What Is Per-Token Pricing in AI? Definition and Benchmarks

Definition

Per-Token Pricing: A consumption based pricing model where AI inference APIs bill per million tokens consumed, with separate rates for input tokens (the prompt and any context fed to the model) and output tokens (what the model generates). Tokens are subword units roughly 4 characters or 0.75 words each. Standard across all major LLM providers including OpenAI, Anthropic, and Google.

Per token pricing is the dominant unit for AI inference because it maps closer to compute cost than any other metric. A token represents a discrete forward pass through the model's attention layers. Input tokens require one pass each. Output tokens require sequential generation, which is why output rates run 3 to 5 times higher than input rates. The metric exposes the raw cost driver: long prompts and long generations both cost more, but generations cost more per token.

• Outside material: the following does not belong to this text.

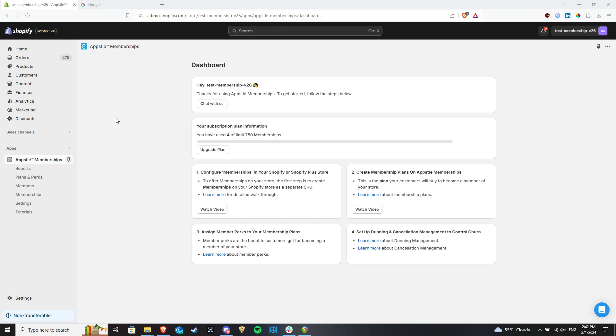If this does not apply to you, however, and you wish to only have single membership options for individual variants, you can still follow along with this video and simply use only one variant of a membership product at a time instead.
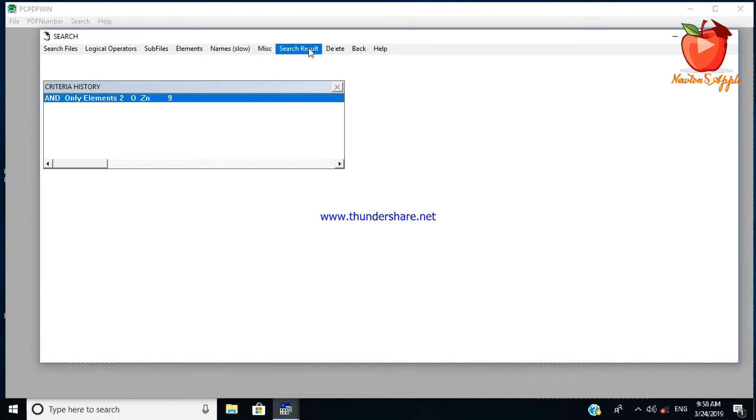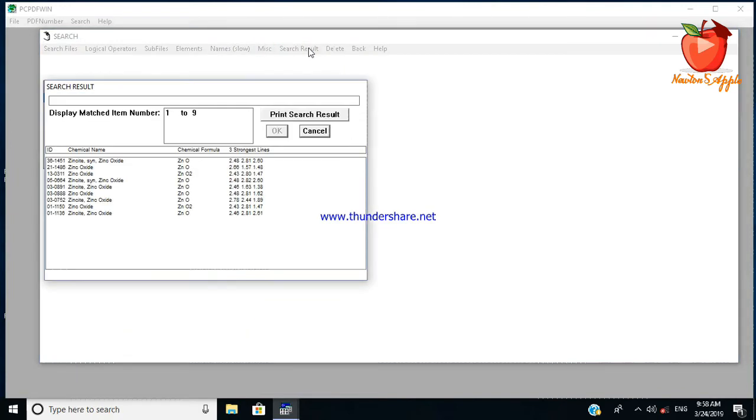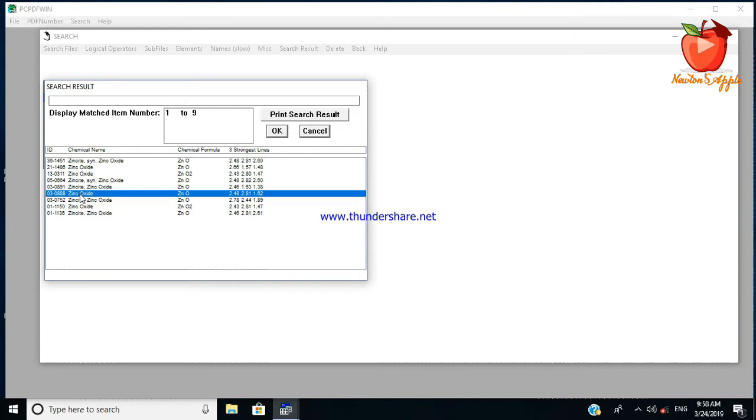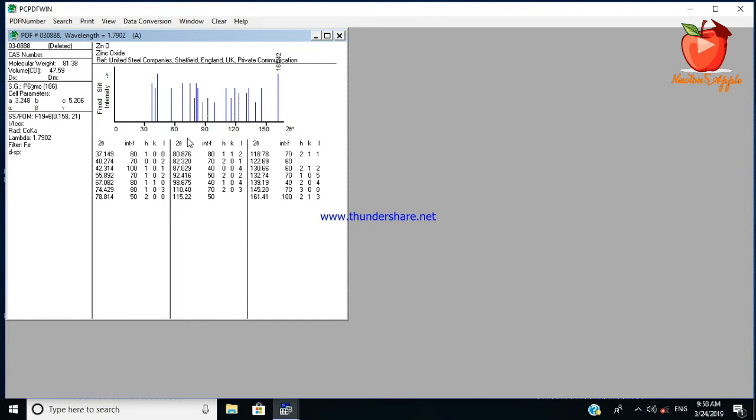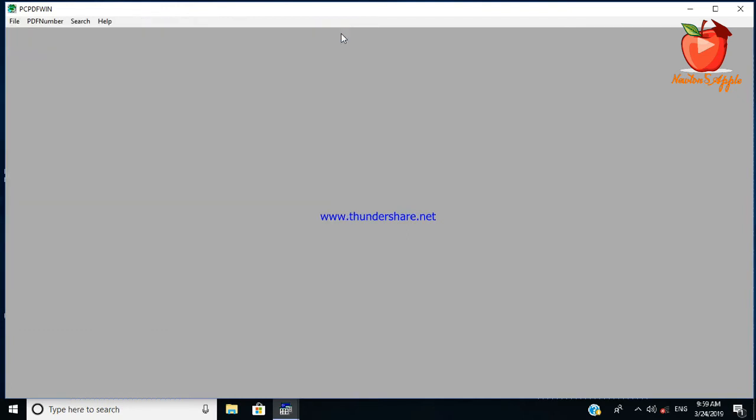I can select one of them by clicking. This is XRD data for zinc oxide. You can see this is a one zero one peak, the highest intense peak from this XRD data. On the x-axis you can see the two theta values and the y-axis shows the intensity.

The discount mechanics in enterprise AI contracts cluster around three levers. Cached input pricing applies when the same context is fed to the model repeatedly, with discounts of 50 to 90 percent off standard input rates depending on cache hit rate. Committed throughput tiers buy 20 to 40 percent off pay as you go in exchange for reserved capacity at the API endpoint. Batch APIs, which return results within 24 hours rather than real time, typically offer 50 percent off standard pricing.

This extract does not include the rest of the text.